Thursday, August 21, 2014

Open House


Open House is a 2000 novel by Elizabeth Berg. It was an Oprah book club choice. It was adapted for TV in 2003. The story is a sad one of a woman working her way through a difficult abandonment, but there's a happy ending filled with hope.

description from Amazon.com:
Samantha's husband has left her, and after a spree of overcharging at Tiffany's, she settles down to reconstruct a life for herself and her eleven-year-old son. Her eccentric mother tries to help by fixing her up with dates, but a more pressing problem is money. To meet her mortgage payments, Sam decides to take in boarders. The first is an older woman who offers sage advice and sorely needed comfort; the second, a maladjusted student, is not quite so helpful. A new friend, King, an untraditional man, suggests that Samantha get out, get going, get work. But her real work is this: In order to emerge from grief and the past, she has to learn how to make her own happiness.
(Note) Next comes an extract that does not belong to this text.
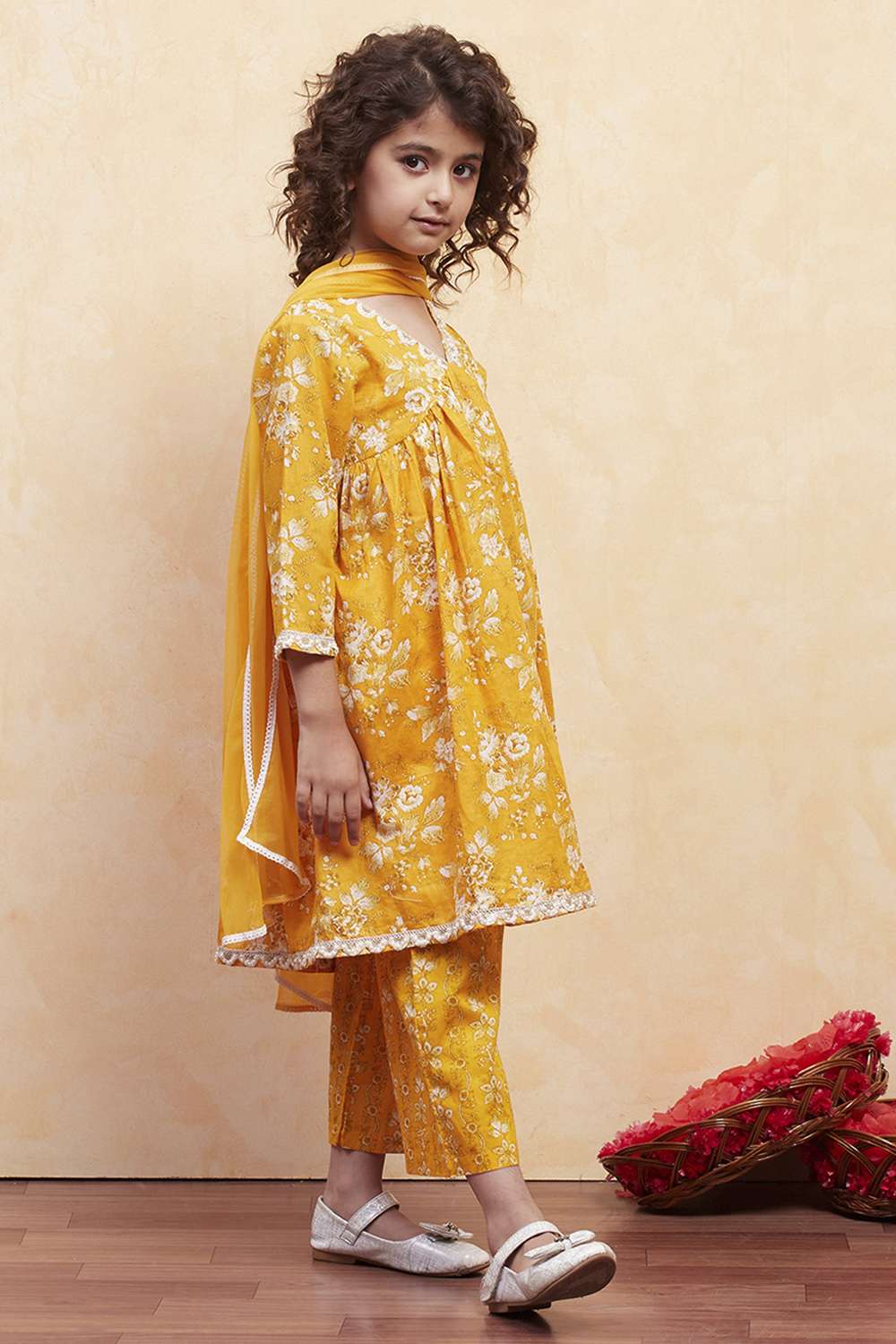 Yellow Cotton Gathered Suit Set image number 5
In order to really see people, she has to look within her heart. And in order to know who she is, she has to remember--and reclaim--the person she used to be, long before she became someone else in an effort to save her marriage. Open House is a love story about what can blossom between a man and a woman, and within a woman herself.
selected quotes:
Divorce is a series of internal earthquakes, that's what it is, one after the other.
I was thinking that gratitude is too much absent in our lives now, and we need it back, even if it only takes the form of acknowledging the blue of a bowl against the red of cranberries.
You live your life, and you get to ask for things, and sometimes they are given to you.
I get out of bed and onto my knees, bow my head. Somewhere, a couple lie in bed together holding hands, and they will stay together until one of them dies. They will not hate each other over the breakfast table, they will give thanks for each other's presence. Somewhere that is true. This is my prayer.
There's an Elvis reference on page 64:
The man leans the bed frame gently against the wall, then extends his hand. "My name is King."
I laugh. "It is?"
"Honest to God. My parents were ... different."
"Well," I say. "I'm sorry for laughing. It's just, you know ... Graceland."
and a coffee reference I got a kick out of on page 71:
Now I sit with a fourth cup of coffee, feeling my heart beat too fast and not caring. Maybe this is a good way to kill yourself: an exuberant overdose of caffeine..."
Memphis Reads describes it as "a winsome and witty first-person narrative about a woman rediscovering herself, and finding, in turn, that there is indeed life and love after divorce." Kirkus Reviews closes by saying, "Skillfully crafted, with a fluidity and snap that will delight Berg's fans but, when all is said and done, a distressingly familiar story." Publishers Weekly opens their review with this: "A middle-aged woman asks herself if there's life after divorce, then answers with a resounding yes in another of Berg's gentle tales of female self-discovery."

4 comments:

  1. HMMM! Not sure this is the book I would want to read. I'm not into books with angst. I hope it was enjoyable for you, though.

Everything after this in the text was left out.